┌─ RECORDS SHOWN

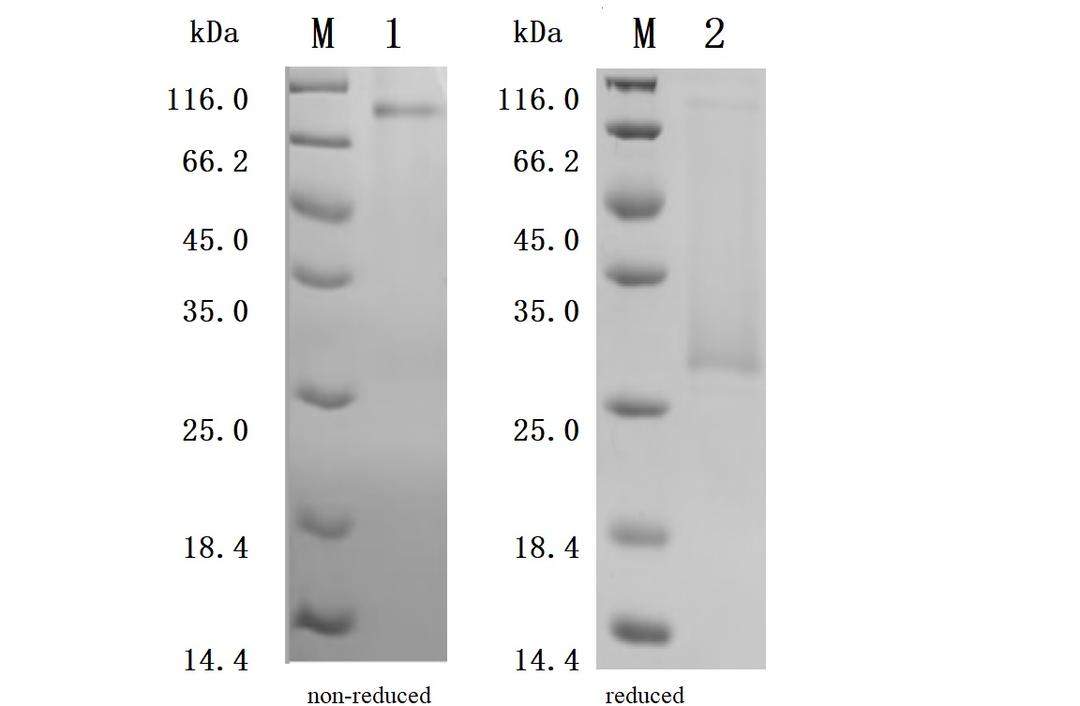 (Tris-Glycine gel) Discontinuous SDS-PAGE (reduced/non-reduced) with 5% enrichment gel and 15% separation gel.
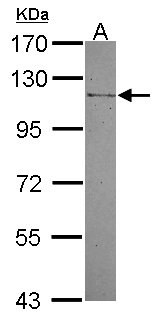 MAN2B2 Antibody - Sample (30 ug of whole cell lysate) A: A549 7.5% SDS PAGE MAN2B2 antibody diluted at 1:1000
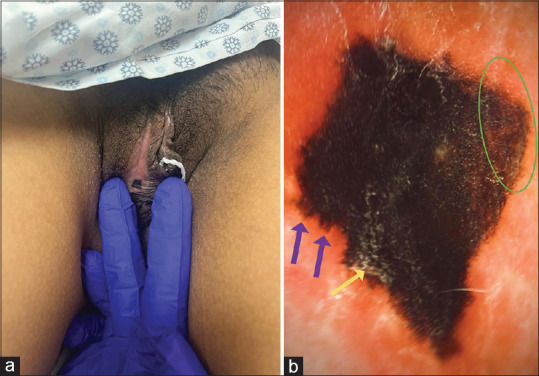 Dermoscopic Features of Vulvar Melanoma.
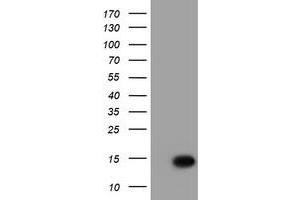 Western Blotting (WB) image for anti-Chromosome 17 Open Reading Frame 37 (C17orf37) antibody (ABIN1501781) (C17orf37 anticorps)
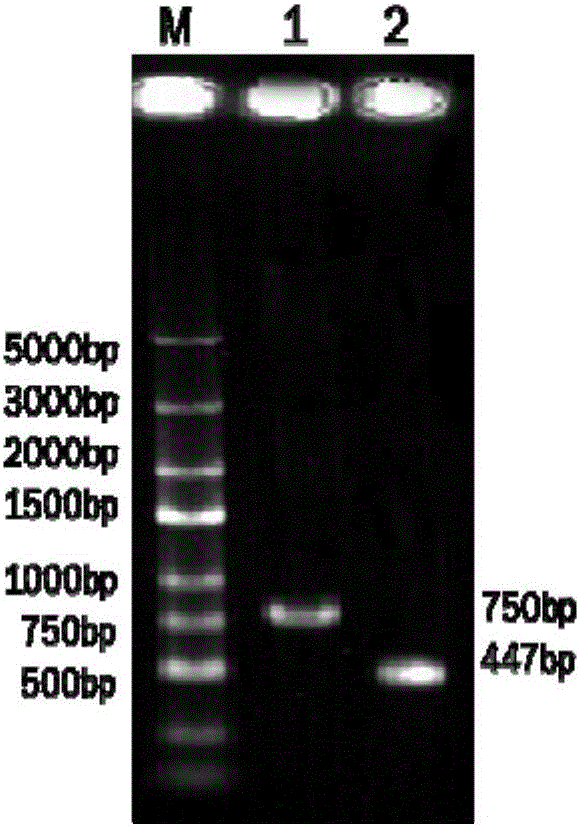 Recombinant adenovirus capable of co-expressing double antibacterial genes of SAL-2 and hLYZ, and construction method and application thereof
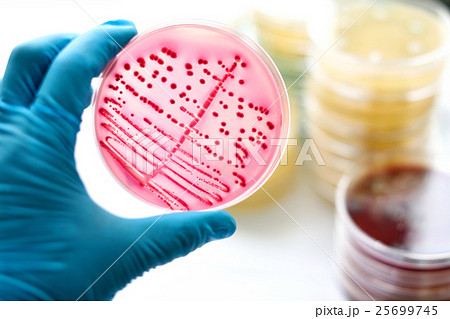 Colonies of bacteria in MacConkey agar  25699745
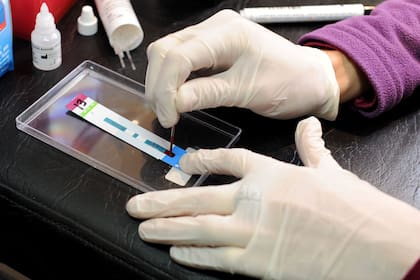 Logran curar a un paciente con VIH por segunda vez en la historia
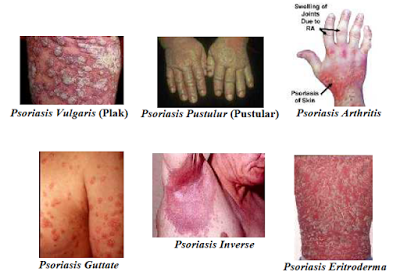 psoriasis plak adalah tenyéren pikkelysömör mint otthon kezelni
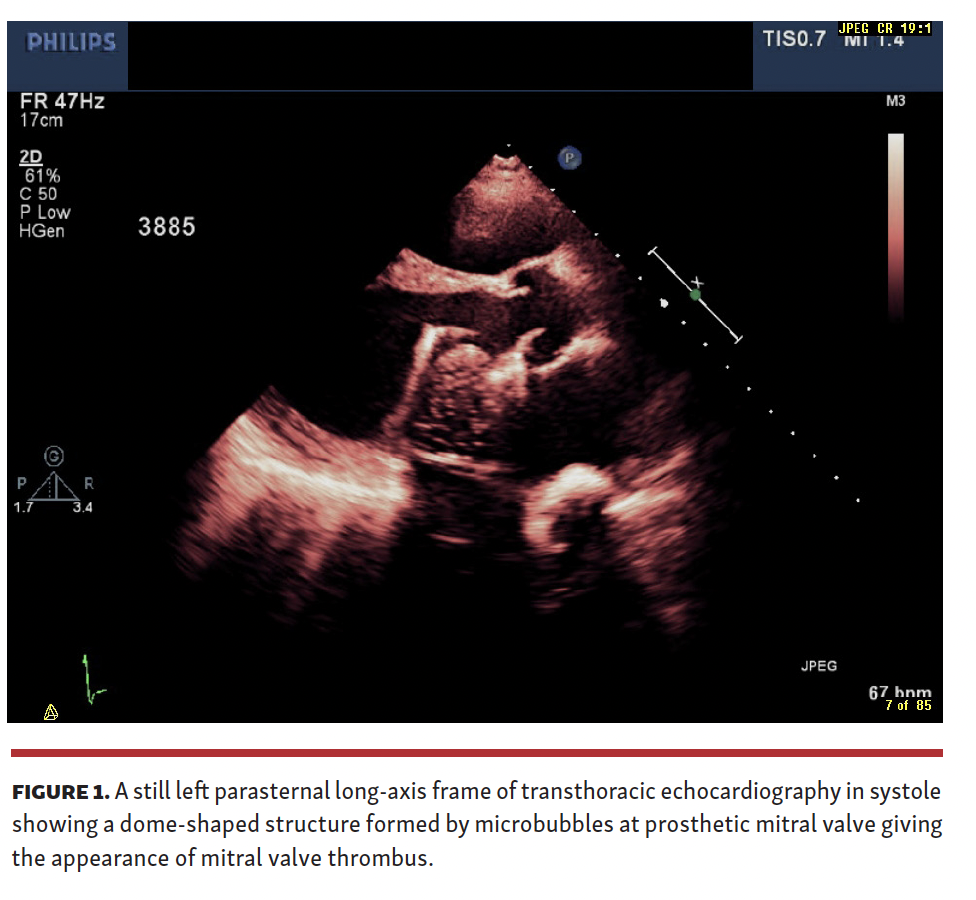 A still left parasternal long-axis frame of transthoracic echocardiography in systole showing a dome-shaped structure formed by microbubbles at prosthetic mitral valve giving the appearance of mitral valve thrombus.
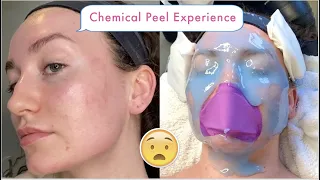 Chemical Peel Facial Vlog | Before & After
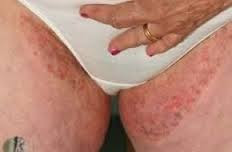 merk obat gatal pada selangkangan dan bokong di apotik terbukti paling ampuh 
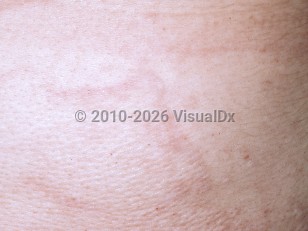 Clinical image of Mid-dermal elastolysis - imageId=4773381. Click to open in gallery.  caption: 'A close-up of subtly pink plaques with a peau d'orange appearance.'
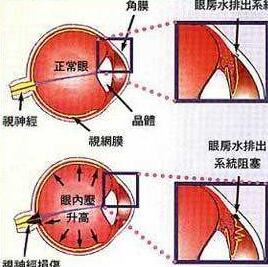夏丽坤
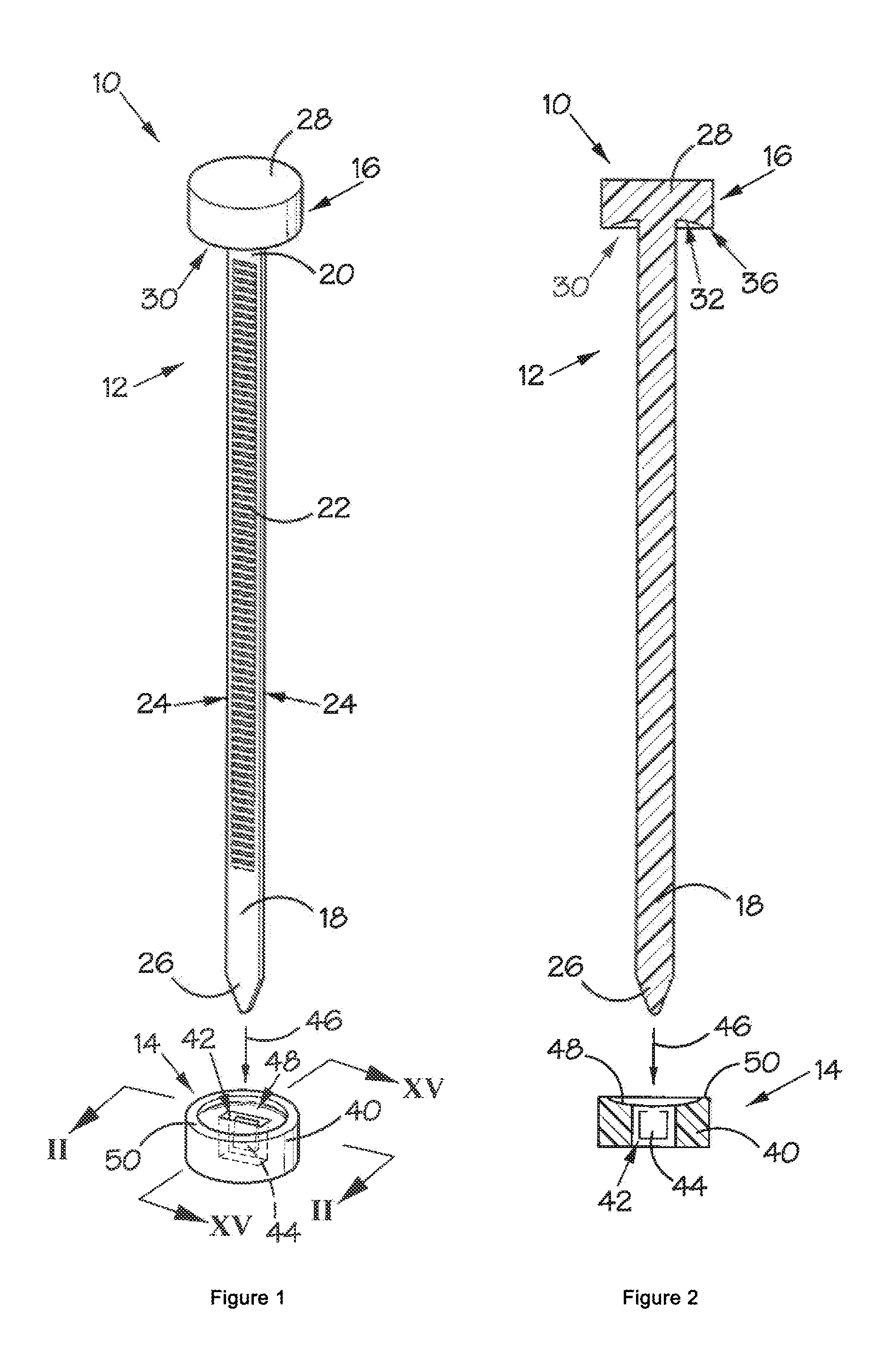 Fastening System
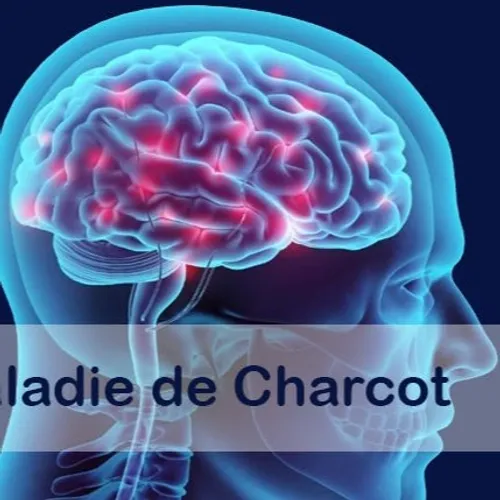 [ Santé ] Et si les premiers signes de la maladie de Charcot...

└─

### WHAT THIS TASK INVOLVES
Output, exactly as written, only the lines from the beginning of the listing through the line containing "Dermoscopic Features of Vulvar Melanoma.", both included, and no pictures.

### WRITTEN ANSWER
 (Tris-Glycine gel) Discontinuous SDS-PAGE (reduced/non-reduced) with 5% enrichment gel and 15% separation gel.
 MAN2B2 Antibody - Sample (30 ug of whole cell lysate) A: A549 7.5% SDS PAGE MAN2B2 antibody diluted at 1:1000
 Dermoscopic Features of Vulvar Melanoma.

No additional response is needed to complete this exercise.